> ACTIVITY
Your task is to copy the data exactly while leaving out every picture.

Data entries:
┄┄┄┄┄┄┄┄┄┄

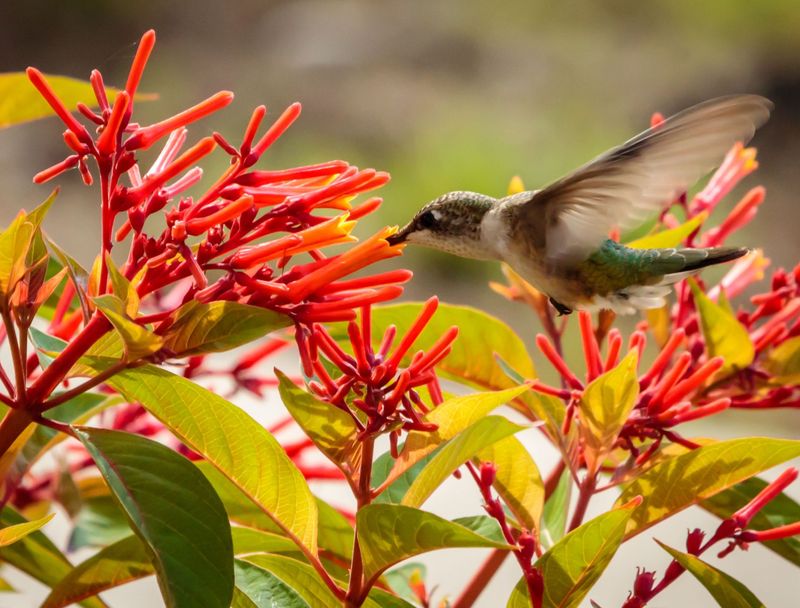 Let The Tubular Flowers Do The Hummingbird Work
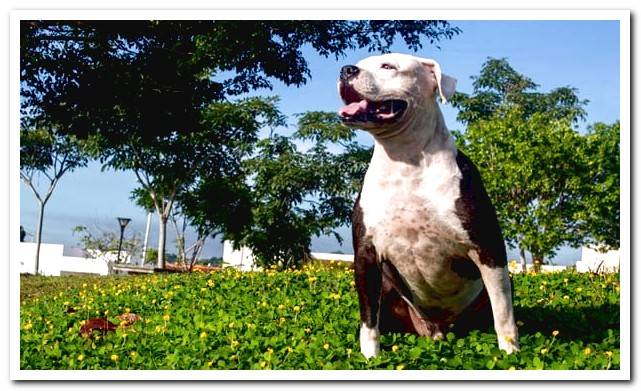 Pitbull colby as guard dog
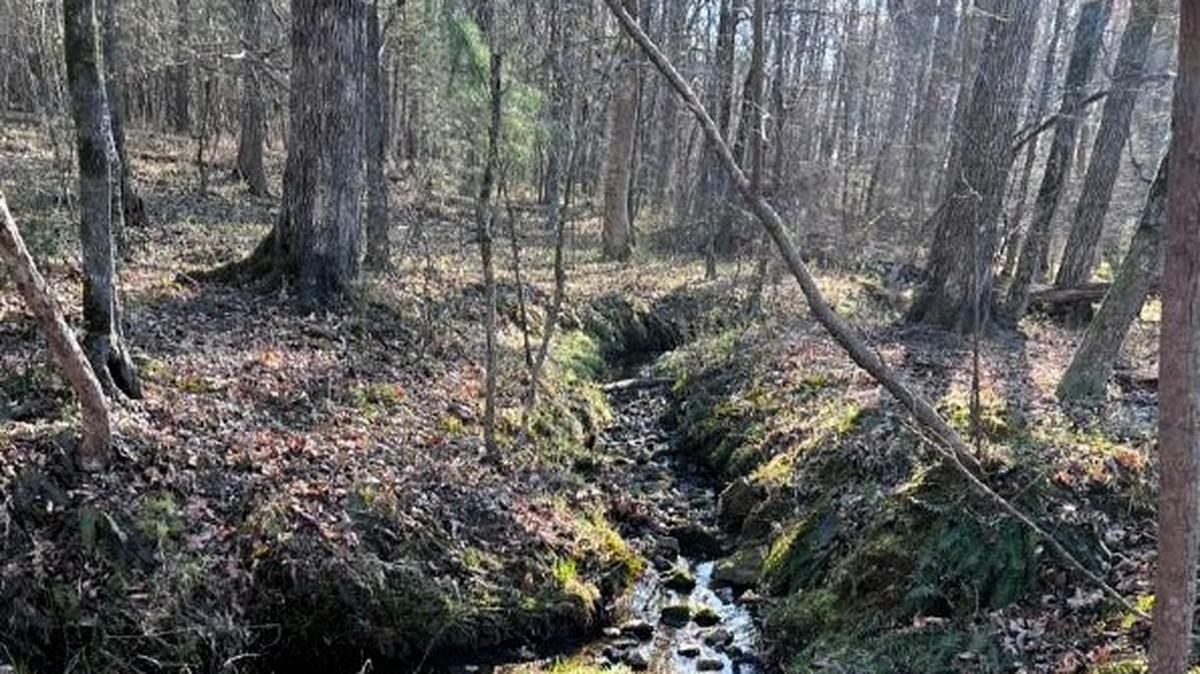 A large swath of a 125-acre farm on Morrow Mill Road, off NC 54 west of Carrboro, NC, is covered in trees, streams and creeks. A developer wants to build housing on 30 acres and preserve another 60 acres. The landowner would keep 35 acres.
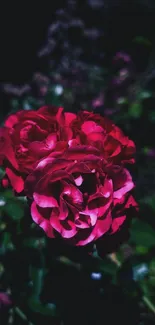 Close-up of a vibrant red rose in a lush, dark garden setting.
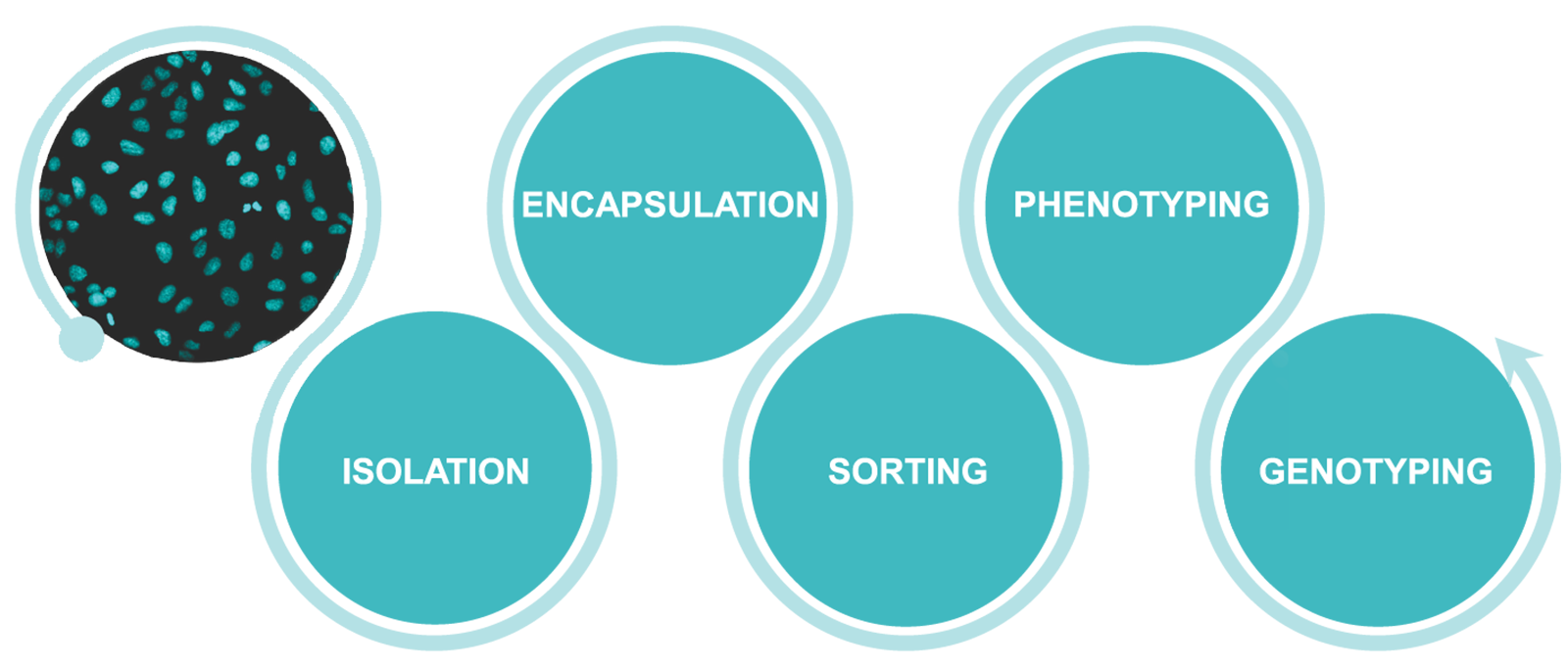 Single-cell technologies roadmap
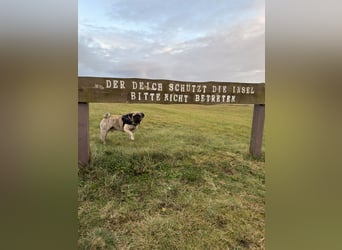 Bruno sucht ein neues Zuhause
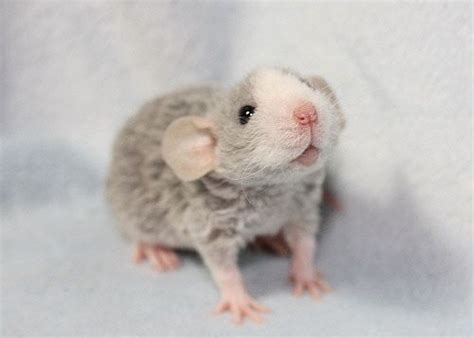 Pin on Animals | Pet rats, Baby animals, Cute rats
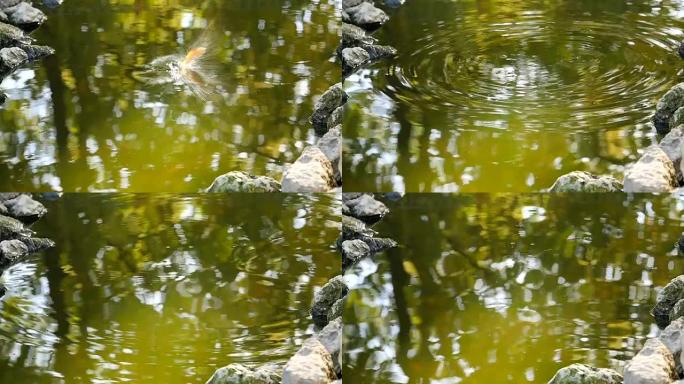池塘漂浮着年轻的锦鲤鱼跳出水和石头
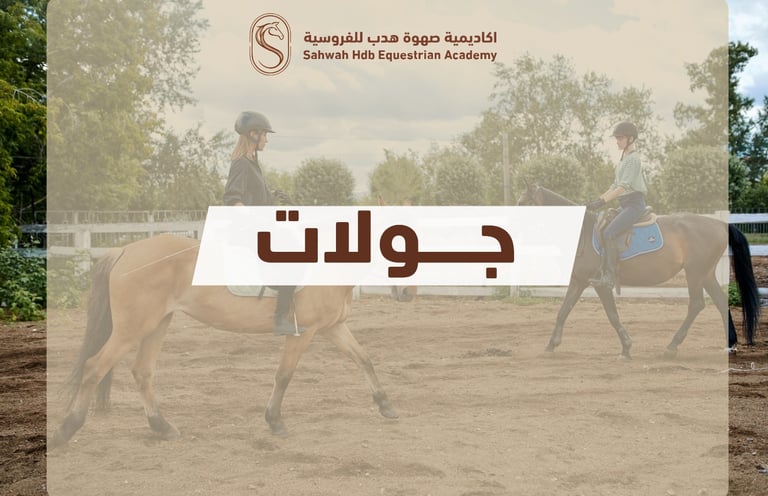جولات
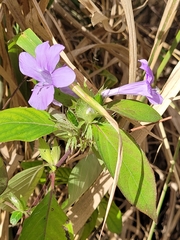 Barleria cristata
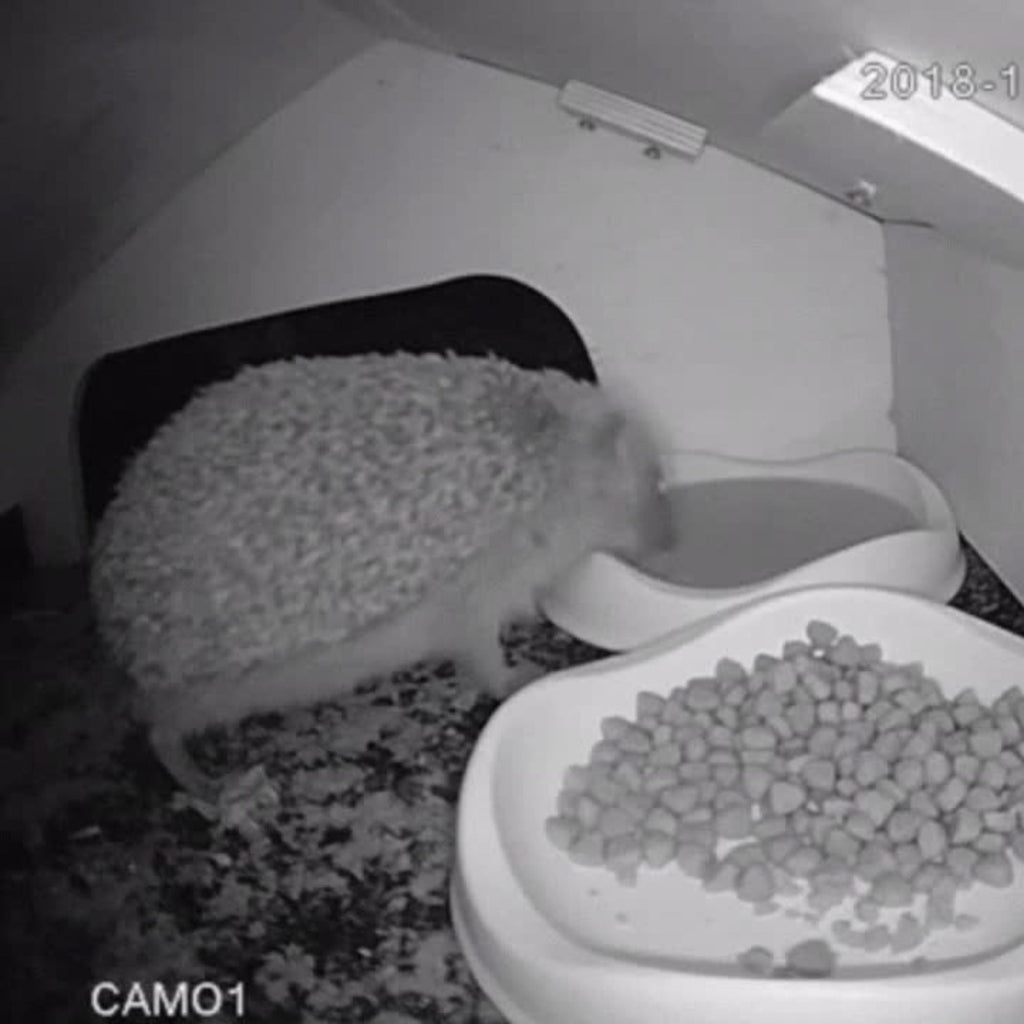 WiFi Hedgehog Box HD Camera Pack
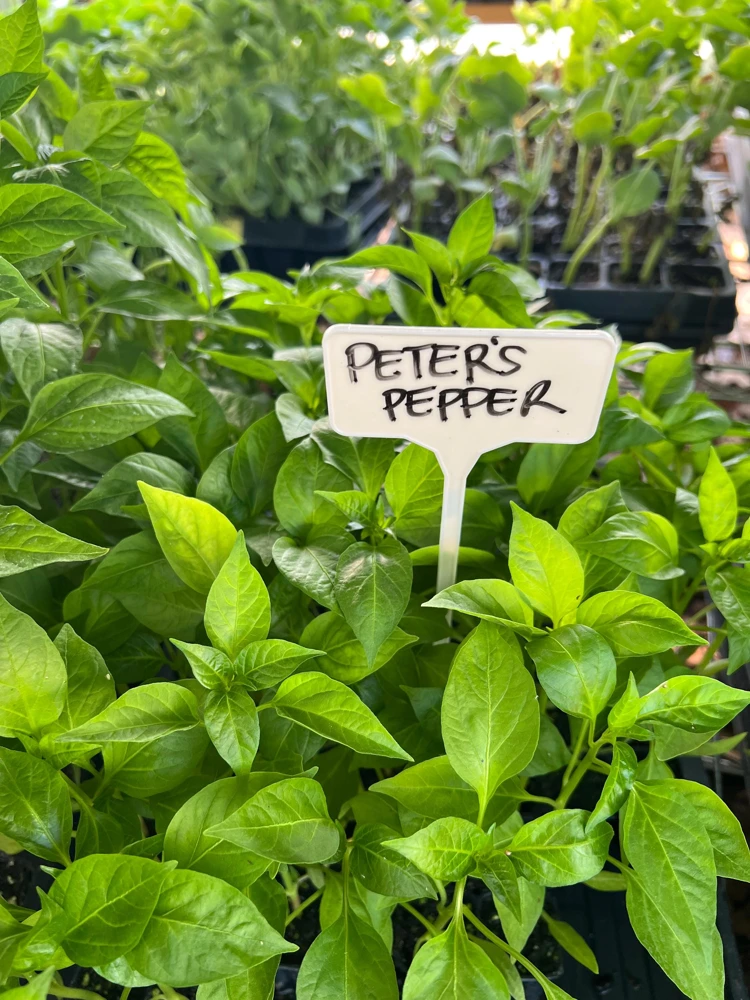 Peter Pepper, Willy Chilly- 4 Live Seedlings - Image 2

┄┄┄┄┄┄┄┄┄┄

> WRITTEN RESPONSE
 Let The Tubular Flowers Do The Hummingbird Work
 Pitbull colby as guard dog
 A large swath of a 125-acre farm on Morrow Mill Road, off NC 54 west of Carrboro, NC, is covered in trees, streams and creeks. A developer wants to build housing on 30 acres and preserve another 60 acres. The landowner would keep 35 acres.
 Close-up of a vibrant red rose in a lush, dark garden setting.
 Single-cell technologies roadmap
 Bruno sucht ein neues Zuhause
 Pin on Animals | Pet rats, Baby animals, Cute rats
池塘漂浮着年轻的锦鲤鱼跳出水和石头
جولات
 Barleria cristata
 WiFi Hedgehog Box HD Camera Pack
 Peter Pepper, Willy Chilly- 4 Live Seedlings - Image 2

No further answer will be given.